PROBLEM: Every line of the entries below from the one containing "Close-up of the" to the one containing "Bathroom featuring double", both ends included, must be written out exactly. No other line belongs in the answer.

SUPPLIED RECORDS:
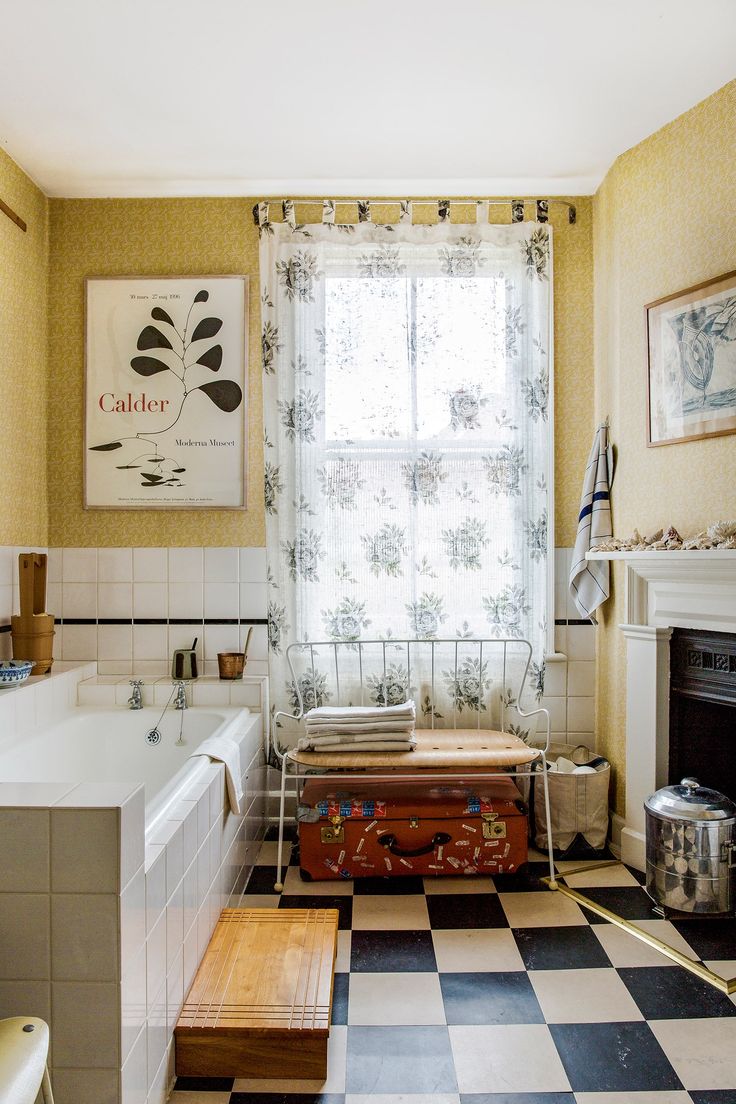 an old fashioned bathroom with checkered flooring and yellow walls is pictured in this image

...

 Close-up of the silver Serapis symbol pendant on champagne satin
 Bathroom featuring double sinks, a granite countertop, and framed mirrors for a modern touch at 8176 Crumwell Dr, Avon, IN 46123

WRITTEN REPLY:
 Close-up of the silver Serapis symbol pendant on champagne satin
 Bathroom featuring double sinks, a granite countertop, and framed mirrors for a modern touch at 8176 Crumwell Dr, Avon, IN 46123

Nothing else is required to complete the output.